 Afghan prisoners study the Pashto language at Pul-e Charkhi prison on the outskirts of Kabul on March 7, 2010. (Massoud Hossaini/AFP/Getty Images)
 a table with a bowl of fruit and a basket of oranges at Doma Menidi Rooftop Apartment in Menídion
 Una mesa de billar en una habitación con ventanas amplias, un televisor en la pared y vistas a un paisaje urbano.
...
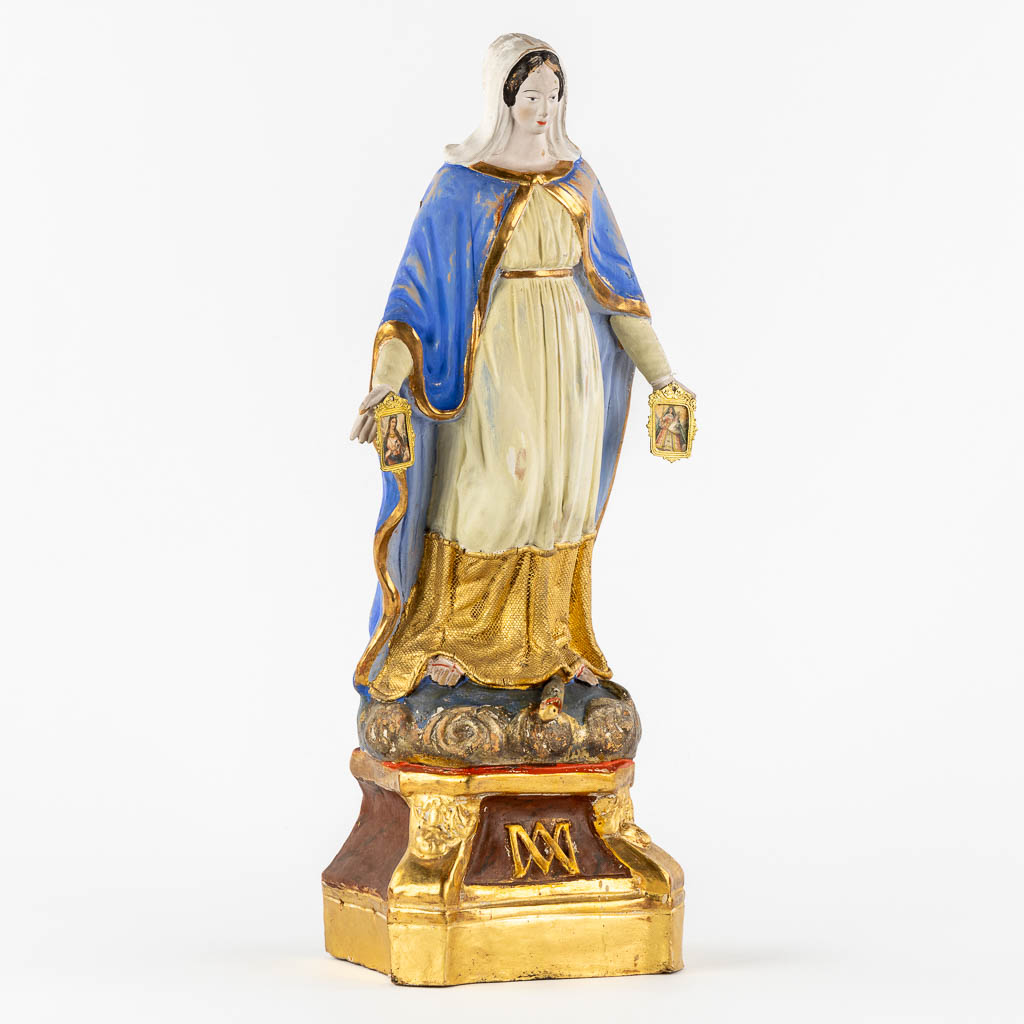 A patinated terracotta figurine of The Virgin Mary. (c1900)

# Work request
Output should match, line for line, the stretch of the material above from the line holding "a table with" through the line holding "Una mesa de".

# Completed task
 a table with a bowl of fruit and a basket of oranges at Doma Menidi Rooftop Apartment in Menídion
 Una mesa de billar en una habitación con ventanas amplias, un televisor en la pared y vistas a un paisaje urbano.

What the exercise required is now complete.